- **WHAT YOU SHOULD DO**
Transcribe the listing from its top line through the line with "Чехол для iPhone". Keep it exact, both ends included, and add nothing.

- **DATASET ENTRIES**
================================

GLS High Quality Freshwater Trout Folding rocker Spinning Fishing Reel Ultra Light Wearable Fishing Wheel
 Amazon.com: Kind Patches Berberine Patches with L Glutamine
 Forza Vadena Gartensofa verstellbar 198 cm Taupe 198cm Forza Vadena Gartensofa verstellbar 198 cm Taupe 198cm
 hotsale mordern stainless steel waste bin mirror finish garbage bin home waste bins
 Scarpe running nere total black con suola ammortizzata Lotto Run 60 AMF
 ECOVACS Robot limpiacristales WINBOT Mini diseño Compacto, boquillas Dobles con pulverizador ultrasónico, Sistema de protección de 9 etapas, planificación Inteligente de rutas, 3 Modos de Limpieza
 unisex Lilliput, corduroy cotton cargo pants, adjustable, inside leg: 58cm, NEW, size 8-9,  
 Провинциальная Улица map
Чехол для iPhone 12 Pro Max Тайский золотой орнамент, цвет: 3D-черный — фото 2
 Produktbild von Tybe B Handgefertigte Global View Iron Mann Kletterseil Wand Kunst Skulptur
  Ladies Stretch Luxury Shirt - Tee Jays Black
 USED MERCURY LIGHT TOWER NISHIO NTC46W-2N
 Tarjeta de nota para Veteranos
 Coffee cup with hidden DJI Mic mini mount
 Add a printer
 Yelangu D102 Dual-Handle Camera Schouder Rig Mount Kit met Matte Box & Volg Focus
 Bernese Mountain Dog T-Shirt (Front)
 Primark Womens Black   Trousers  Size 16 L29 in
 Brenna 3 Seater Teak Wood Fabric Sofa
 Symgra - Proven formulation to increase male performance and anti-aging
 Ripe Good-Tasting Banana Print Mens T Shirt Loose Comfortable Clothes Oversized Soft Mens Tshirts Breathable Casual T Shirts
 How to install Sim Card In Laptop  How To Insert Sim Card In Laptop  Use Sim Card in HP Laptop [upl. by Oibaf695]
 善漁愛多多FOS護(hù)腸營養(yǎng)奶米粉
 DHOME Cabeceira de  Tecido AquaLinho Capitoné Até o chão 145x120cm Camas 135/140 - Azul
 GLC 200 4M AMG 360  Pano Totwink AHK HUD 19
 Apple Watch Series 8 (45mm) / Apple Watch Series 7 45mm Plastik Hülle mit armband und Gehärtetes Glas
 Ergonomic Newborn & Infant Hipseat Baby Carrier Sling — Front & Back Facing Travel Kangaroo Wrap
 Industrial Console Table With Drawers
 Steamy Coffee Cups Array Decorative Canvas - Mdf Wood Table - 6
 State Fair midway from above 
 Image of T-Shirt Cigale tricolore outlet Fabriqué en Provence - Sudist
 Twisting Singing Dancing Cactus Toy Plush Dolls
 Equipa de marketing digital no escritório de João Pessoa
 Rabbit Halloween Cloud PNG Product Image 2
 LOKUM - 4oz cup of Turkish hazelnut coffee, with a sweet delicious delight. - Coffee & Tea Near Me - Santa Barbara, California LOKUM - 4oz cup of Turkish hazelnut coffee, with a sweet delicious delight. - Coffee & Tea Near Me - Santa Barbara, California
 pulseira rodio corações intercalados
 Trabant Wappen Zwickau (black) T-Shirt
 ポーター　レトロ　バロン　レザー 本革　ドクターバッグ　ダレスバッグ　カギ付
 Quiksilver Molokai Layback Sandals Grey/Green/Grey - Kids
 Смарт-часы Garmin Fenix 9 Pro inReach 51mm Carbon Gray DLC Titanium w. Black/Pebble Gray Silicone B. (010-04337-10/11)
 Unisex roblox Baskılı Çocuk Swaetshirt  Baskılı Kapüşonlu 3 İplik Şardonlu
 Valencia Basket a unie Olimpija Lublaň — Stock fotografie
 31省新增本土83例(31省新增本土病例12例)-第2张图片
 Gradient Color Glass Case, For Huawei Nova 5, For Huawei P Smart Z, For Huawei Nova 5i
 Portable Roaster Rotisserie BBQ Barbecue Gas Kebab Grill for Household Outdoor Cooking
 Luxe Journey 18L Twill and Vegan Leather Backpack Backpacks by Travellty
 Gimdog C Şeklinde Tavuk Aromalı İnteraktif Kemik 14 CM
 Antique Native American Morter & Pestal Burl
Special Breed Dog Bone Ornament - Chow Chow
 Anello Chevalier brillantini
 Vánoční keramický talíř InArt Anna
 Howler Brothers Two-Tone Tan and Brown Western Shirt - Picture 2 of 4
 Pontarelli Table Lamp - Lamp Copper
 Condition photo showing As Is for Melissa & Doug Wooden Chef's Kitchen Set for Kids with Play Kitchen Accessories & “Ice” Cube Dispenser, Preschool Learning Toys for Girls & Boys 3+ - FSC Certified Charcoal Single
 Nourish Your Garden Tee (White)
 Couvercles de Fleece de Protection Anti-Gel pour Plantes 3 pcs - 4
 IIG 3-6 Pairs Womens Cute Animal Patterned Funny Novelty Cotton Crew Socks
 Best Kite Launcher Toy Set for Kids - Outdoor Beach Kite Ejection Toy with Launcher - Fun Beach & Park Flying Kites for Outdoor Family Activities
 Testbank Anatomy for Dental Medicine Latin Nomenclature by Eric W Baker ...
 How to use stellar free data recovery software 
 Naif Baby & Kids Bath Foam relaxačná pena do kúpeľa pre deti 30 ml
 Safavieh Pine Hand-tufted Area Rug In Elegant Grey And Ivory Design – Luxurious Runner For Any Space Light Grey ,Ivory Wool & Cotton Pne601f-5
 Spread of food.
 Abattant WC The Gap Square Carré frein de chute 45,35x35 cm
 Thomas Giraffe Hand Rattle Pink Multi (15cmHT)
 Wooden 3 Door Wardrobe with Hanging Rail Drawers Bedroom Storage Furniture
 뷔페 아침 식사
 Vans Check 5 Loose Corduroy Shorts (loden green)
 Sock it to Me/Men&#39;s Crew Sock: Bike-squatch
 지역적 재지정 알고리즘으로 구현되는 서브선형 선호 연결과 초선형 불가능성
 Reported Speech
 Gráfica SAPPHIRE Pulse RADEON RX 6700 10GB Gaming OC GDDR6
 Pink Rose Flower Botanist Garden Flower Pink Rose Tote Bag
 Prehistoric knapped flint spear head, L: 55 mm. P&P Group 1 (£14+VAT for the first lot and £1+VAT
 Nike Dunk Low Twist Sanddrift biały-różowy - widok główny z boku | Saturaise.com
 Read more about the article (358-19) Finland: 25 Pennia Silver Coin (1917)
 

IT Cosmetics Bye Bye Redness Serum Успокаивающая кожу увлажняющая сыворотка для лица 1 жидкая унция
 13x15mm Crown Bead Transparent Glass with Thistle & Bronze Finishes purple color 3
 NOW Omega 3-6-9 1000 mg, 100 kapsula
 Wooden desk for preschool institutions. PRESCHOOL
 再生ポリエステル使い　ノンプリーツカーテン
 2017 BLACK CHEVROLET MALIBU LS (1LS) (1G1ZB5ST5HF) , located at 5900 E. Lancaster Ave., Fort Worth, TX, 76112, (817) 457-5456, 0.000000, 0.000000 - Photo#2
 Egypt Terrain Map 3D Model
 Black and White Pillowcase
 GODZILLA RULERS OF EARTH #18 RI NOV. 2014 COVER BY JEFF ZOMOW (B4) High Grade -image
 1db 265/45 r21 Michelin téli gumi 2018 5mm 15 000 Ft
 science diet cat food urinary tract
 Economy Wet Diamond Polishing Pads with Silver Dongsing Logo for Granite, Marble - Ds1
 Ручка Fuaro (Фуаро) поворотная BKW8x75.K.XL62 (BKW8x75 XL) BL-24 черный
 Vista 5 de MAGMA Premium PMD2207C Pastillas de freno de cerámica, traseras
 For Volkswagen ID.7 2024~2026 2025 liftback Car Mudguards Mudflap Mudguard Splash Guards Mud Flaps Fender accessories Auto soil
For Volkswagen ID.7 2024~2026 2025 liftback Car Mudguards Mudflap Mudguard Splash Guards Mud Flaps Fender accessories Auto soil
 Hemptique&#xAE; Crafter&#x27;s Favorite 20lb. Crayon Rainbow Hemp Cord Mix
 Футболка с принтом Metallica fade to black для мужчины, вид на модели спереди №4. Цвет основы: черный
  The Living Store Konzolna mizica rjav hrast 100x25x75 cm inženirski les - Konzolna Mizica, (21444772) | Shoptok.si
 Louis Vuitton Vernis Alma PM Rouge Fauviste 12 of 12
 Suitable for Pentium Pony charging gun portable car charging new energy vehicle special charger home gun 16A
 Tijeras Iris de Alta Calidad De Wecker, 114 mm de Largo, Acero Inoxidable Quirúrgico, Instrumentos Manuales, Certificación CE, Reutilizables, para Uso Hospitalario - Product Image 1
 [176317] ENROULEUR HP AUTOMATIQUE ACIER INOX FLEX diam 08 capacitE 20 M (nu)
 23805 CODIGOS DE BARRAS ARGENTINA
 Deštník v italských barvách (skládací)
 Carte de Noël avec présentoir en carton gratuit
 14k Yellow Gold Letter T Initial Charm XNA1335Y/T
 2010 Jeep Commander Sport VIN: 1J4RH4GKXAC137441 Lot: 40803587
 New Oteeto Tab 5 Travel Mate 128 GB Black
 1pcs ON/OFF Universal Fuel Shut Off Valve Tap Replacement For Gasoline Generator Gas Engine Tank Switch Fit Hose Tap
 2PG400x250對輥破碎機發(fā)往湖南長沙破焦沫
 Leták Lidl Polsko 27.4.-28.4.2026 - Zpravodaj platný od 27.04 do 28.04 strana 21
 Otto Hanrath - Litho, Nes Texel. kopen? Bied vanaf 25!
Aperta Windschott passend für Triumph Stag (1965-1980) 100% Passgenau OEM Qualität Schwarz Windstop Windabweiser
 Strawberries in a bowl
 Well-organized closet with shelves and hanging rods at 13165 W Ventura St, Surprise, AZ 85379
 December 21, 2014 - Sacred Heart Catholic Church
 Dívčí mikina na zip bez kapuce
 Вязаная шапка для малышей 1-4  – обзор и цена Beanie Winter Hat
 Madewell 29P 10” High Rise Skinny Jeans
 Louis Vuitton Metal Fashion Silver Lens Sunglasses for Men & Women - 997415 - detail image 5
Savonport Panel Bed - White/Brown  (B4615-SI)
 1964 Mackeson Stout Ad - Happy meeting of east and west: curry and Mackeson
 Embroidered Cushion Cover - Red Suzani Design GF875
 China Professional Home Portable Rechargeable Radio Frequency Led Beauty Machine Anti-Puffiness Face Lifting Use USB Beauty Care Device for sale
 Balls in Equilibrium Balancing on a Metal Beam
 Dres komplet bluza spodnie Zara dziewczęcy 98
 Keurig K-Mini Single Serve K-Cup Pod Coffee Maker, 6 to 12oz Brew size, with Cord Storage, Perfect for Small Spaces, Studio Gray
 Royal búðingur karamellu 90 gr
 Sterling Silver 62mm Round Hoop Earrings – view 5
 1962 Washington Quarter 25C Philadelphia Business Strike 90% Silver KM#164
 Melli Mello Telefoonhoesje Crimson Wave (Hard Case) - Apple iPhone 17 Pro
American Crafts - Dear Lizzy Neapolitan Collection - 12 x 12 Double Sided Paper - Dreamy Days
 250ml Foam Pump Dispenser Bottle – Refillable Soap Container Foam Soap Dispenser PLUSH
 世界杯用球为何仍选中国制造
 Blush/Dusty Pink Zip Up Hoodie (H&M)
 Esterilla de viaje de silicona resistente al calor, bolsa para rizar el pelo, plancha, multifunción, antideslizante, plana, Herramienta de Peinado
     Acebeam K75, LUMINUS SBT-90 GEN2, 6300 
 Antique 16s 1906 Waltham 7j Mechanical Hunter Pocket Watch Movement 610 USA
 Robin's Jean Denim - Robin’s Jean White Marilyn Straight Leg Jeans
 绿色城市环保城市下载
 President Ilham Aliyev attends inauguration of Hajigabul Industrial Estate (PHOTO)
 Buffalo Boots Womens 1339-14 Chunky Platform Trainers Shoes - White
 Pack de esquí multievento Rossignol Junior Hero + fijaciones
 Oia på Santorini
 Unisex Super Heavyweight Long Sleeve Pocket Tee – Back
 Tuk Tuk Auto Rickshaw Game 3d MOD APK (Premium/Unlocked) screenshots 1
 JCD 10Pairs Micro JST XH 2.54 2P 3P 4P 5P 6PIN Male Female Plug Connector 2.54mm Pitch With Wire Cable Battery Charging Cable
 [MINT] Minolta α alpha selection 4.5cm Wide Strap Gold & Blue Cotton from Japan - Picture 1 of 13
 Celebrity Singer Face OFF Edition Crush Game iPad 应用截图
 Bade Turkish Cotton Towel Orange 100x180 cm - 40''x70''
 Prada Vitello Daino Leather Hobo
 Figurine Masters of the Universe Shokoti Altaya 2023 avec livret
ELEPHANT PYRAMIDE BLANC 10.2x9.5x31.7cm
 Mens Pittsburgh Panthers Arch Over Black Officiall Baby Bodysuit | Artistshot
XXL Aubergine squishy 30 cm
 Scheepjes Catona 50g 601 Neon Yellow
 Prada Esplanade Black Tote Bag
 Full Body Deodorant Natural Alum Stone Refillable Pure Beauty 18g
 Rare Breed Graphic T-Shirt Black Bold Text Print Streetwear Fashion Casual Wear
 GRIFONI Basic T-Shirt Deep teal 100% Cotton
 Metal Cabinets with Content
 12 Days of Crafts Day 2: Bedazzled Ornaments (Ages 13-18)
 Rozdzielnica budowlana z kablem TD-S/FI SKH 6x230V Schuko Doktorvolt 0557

================================

- **RESULT OF THE TASK**
GLS High Quality Freshwater Trout Folding rocker Spinning Fishing Reel Ultra Light Wearable Fishing Wheel
 Amazon.com: Kind Patches Berberine Patches with L Glutamine
 Forza Vadena Gartensofa verstellbar 198 cm Taupe 198cm Forza Vadena Gartensofa verstellbar 198 cm Taupe 198cm
 hotsale mordern stainless steel waste bin mirror finish garbage bin home waste bins
 Scarpe running nere total black con suola ammortizzata Lotto Run 60 AMF
 ECOVACS Robot limpiacristales WINBOT Mini diseño Compacto, boquillas Dobles con pulverizador ultrasónico, Sistema de protección de 9 etapas, planificación Inteligente de rutas, 3 Modos de Limpieza
 unisex Lilliput, corduroy cotton cargo pants, adjustable, inside leg: 58cm, NEW, size 8-9,  
 Провинциальная Улица map
Чехол для iPhone 12 Pro Max Тайский золотой орнамент, цвет: 3D-черный — фото 2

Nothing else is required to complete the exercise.